Zu den Bewertungstabellen: 'IT-Sicherheit'

Wiederherstellung des 2FA-Verfahrens

Die Wiederherstellungsmechanismen sind meist nicht vom Verfahren, sondern vom Anbieter abhängig. Mögliche Mechanismen sind beispielsweise: E-Mail, Brief, (wiederverwendbarer) QR-Code, TAN-Listen. Bei den Wiederherstellungsmechanismen ist es grundsätzlich kritisch, wenn ein einstufiges Verfahren die Zwei-Faktor-Authentisierung ersetzt. Der Einsatz von einstufigen Wiederherstellungsmechanismen kann 2FA-Verfahren, die zur Etablierung eines höheren Schutzniveaus eingeführt wurden, erheblich schwächen. Angreifende können genau an dieser Schwachstelle ansetzen. Verbraucherinnen und Verbraucher sollten Dienstleister auswählen, deren Infrastrukturen geeignete Prozesse und Verfahren verwenden, also insbesondere zweistufige Wiederherstellungsmechanismen. Im besten Fall sollten die Verfahren eine Warnfunktion haben, um einen Angriff über den Wiederherstellungsmechanismus zu erkennen.
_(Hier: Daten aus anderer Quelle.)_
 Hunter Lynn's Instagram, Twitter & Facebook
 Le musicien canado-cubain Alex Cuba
Zweistufige Wiederherstellungsmechanismen können durch technische oder organisatorische Maßnahmen sowie durch Mischformen gestaltet werden, z. B. eine E-Mail und ein weiterer Faktor wie eine Wissensabfrage oder das Vier-Augen-Prinzip (externe Personen bestätigen die Identität). Es gibt auch die Möglichkeit, den Wiederherstellungsmechanismus mittels eines Vertrauensdienstleisters durchzuführen. Fido sieht die Nutzung von zwei Hardware-Token vor, so dass die Wiederherstellung über den zweiten Token erfolgen kann.
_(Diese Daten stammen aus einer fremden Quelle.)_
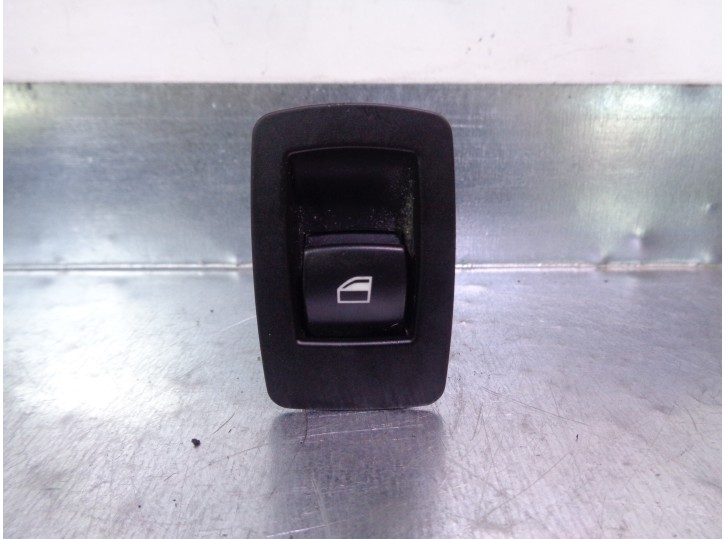 Recambio de mando elevalunas trasero izquierdo para bmw serie 3 berlina (e90) 2.0 turbodiesel cat referencia OEM IAM 6945874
Vertrauen in das Verfahren

Nutzen Sie bevorzugt

  • Open-Source-Anwendungen bzw. Implementierungen oder
  • standardisierte / zertifizierte Verfahren, Lösungen und Produkte

Bei diesen Verfahren lässt sich das Sicherheitsniveau durch Expertinnen und Experten gut einschätzen und bewerten. Sicherheitsbewertungen von ausgewählten "Open Source"-Token wurden durch das Fraunhofer AISEC (im Auftrag des BSI) durchgeführt.

Empfehlungen zur Verwendung einer 2-Faktor-Authentisierung

  • Sofern der Diensteanbieter 2FA-Verfahren anbietet, sollten diese bei schützenswerten Konten auch verwendet werden.
  • Nutzen Sie auch zur Wiederherstellung (Recovery) ein sicheres Verfahren.
  • Scheuen Sie nicht die Verwendung eines für Sie noch unbekannten Verfahrens – mit regelmäßiger Nutzung werden Sie einen Erfahrungsschatz aufbauen.
  • Nutzen Sie mehrere Geräte, z. B. die Push-TAN-App auf einem anderen Gerät als die Banking-Anwendung, so sind die Verfahren sicher anwendbar.